16.48

Abgeordneter Dr. Markus Tschank (FPÖ): Sehr geehrte Frau Präsidentin! Sehr geehrter Herr Bundesminister! Hohes Haus! Sehr geehrte Damen und Herren! Vielleicht ganz kurz zur politischen Einflussnahme, wie sie ja auch schon vorhin von Kollegen Noll kurz angesprochen wurde: Die SPÖ muss sich da wirklich sozusagen selber an der Nase nehmen. Ich kann mich erinnern, vor einigen Jahren hätte Pelinka junior, der Freundeskreissprecher bei Ihnen in der Stiftungsratsfraktion war, quasi als Büroleiter von Generaldirektor Wrabetz inthronisiert werden sollen.
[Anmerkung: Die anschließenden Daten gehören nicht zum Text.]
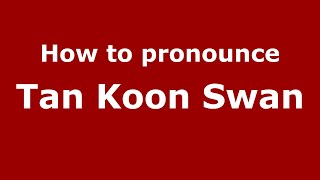 How to pronounce Tan Koon Swan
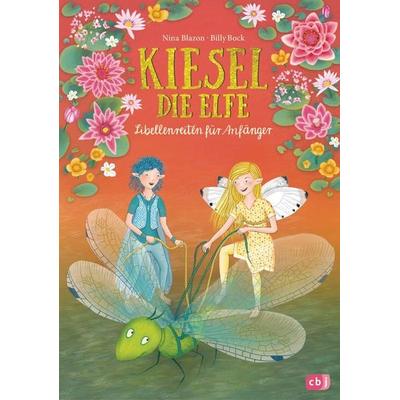 Kiesel, die Elfe - Libellenreiten für Anfänger, Gebundene Ausgabe von Nina Blazon, CBJ, 978-3-570-17684-9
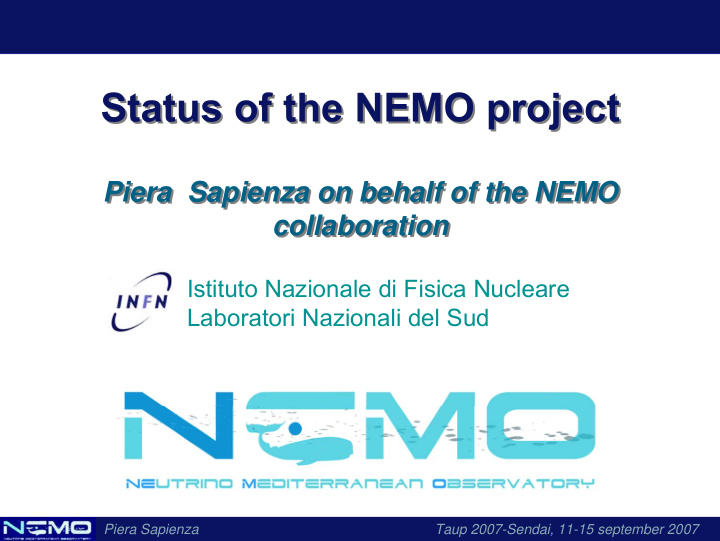 status of the nemo project status of the nemo project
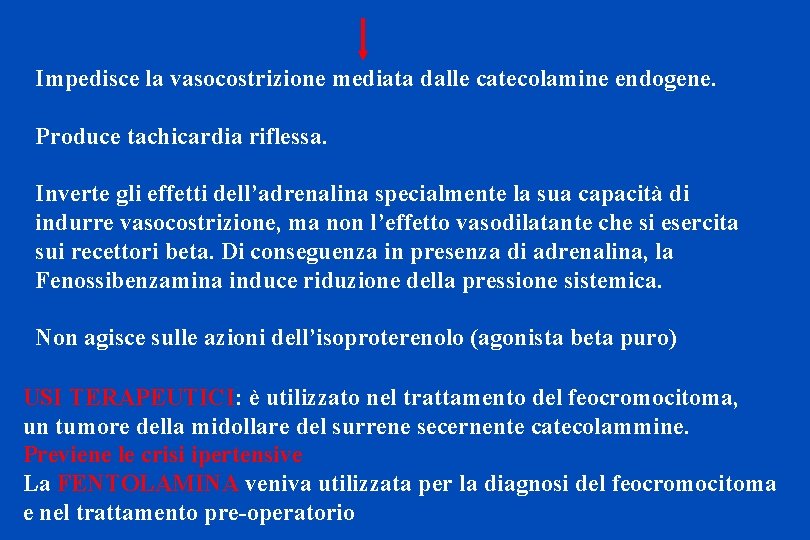 Impedisce la vasocostrizione mediata dalle catecolamine endogene. Produce tachicardia riflessa. Inverte gli effetti dell’adrenalina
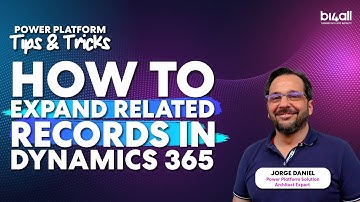 How to Expand Related Records in Dynamics 365 | BI4ALL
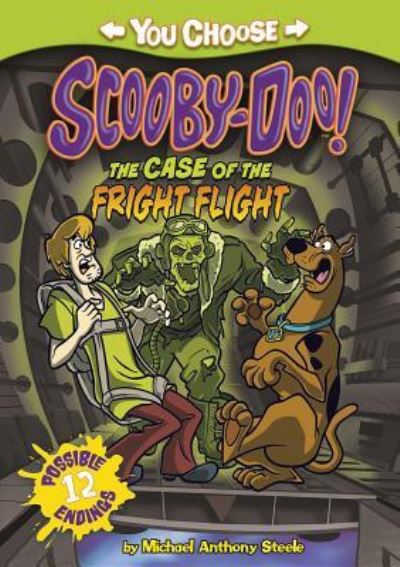 Cover for Michael Anthony Steele · The Case of the Fright Flight (Hardcover Book) (2016)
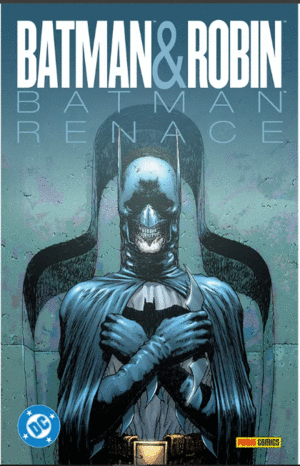 BATMAN DE GRANT MORRISON: BATMAN REBORN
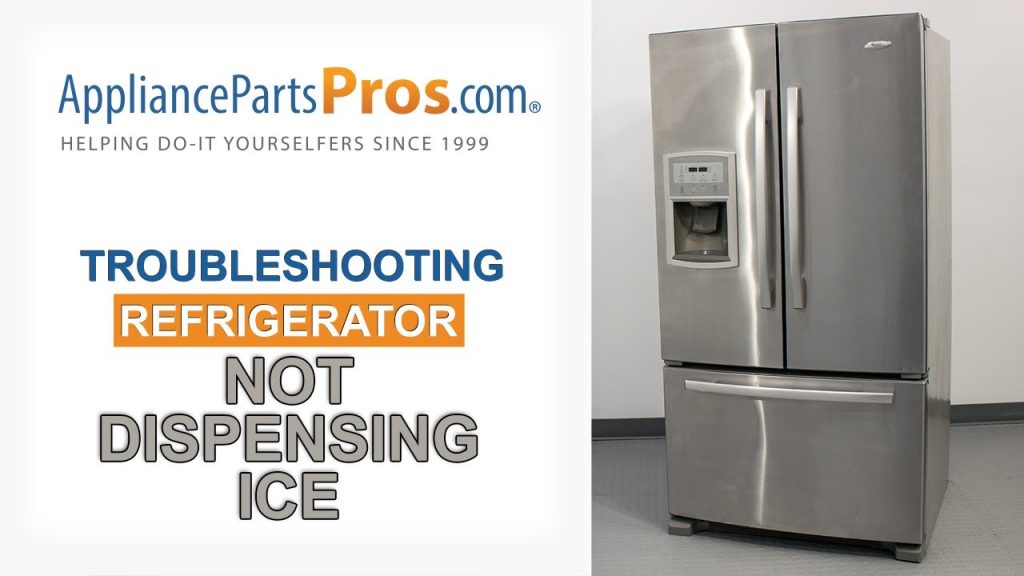 Whirlpool Refrigerator Not Dispensing Ice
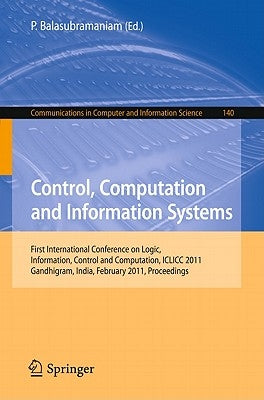 Control, Computation and Information Systems: First International Conference on Logic, Information, Control and Computation, ICLICC 2011, Gandhigram, by Balasubramaniam, P.
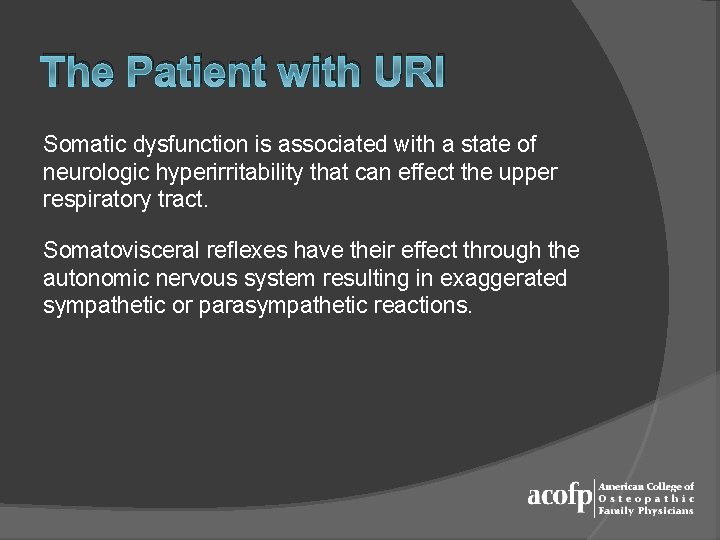 The Patient with URI Somatic dysfunction is associated with a state of neurologic hyperirritability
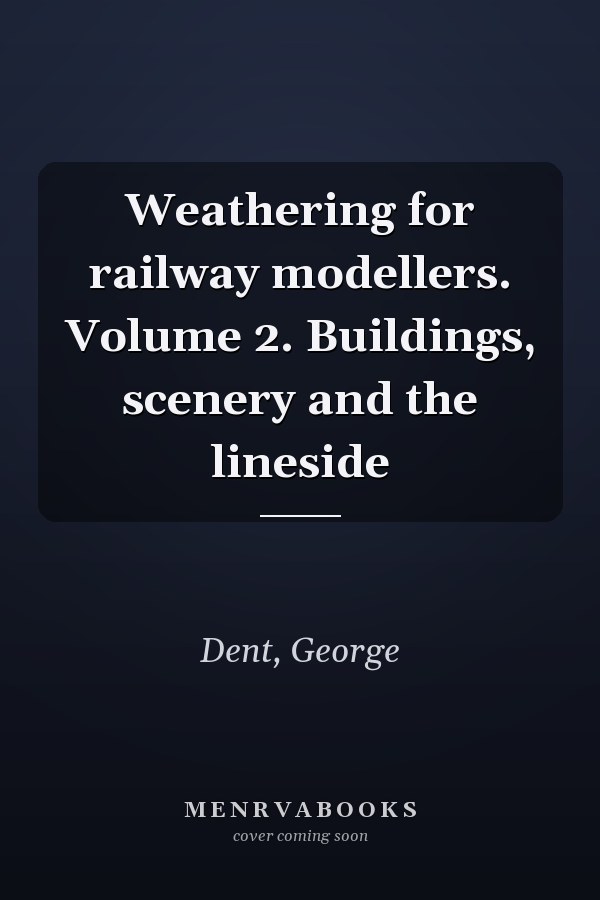 Weathering for railway modellers. Volume 2. Buildings, scenery and the lineside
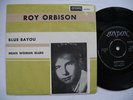 ROY ORBISON Blue Bayou / Mean Woman Blues 45 7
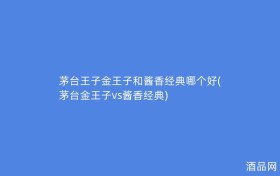 茅台王子金王子和酱香经典哪个好(茅台金王子vs酱香经典)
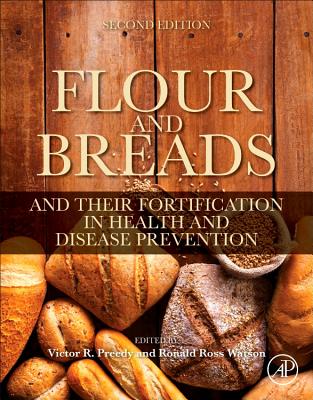 Flour and Breads and Their Fortification in Health and Disease Prevention - Preedy, Victor R, BSc, PhD, DSc (Editor), and Watson, Ronald Ross (Editor)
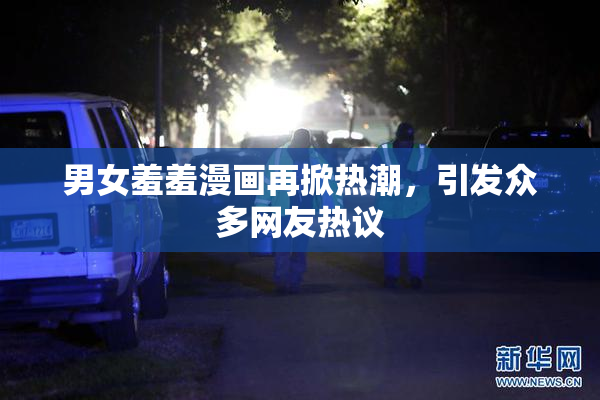 男女羞羞漫画再掀热潮，引发众多网友热议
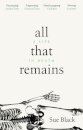 All That Remains : A Life in Death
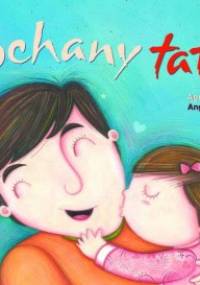 Kochany tatuś - Agnieszka Frączek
Eine viel stärkere Intervention im Hinblick auf Parteipolitik ist fast nicht möglich, meine sehr geehrten Damen und Herren! (Beifall bei der FPÖ und bei Abgeordneten der ÖVP. – Zwi­schenruf des Abg. Androsch.)

Ich möchte mich vorab einmal bei der Christlichen Partei Österreichs für diese Initiative bedanken, auch dafür, dass ein Volksbegehren initiiert worden ist, das rund 320 000 Bür­gerinnen und Bürger unterstützt haben, ein Volksbegehren, das die Abschaffung der ORF-Zwangsgebühren fordert und auch heute die Diskussion zu diesem Thema ermöglicht.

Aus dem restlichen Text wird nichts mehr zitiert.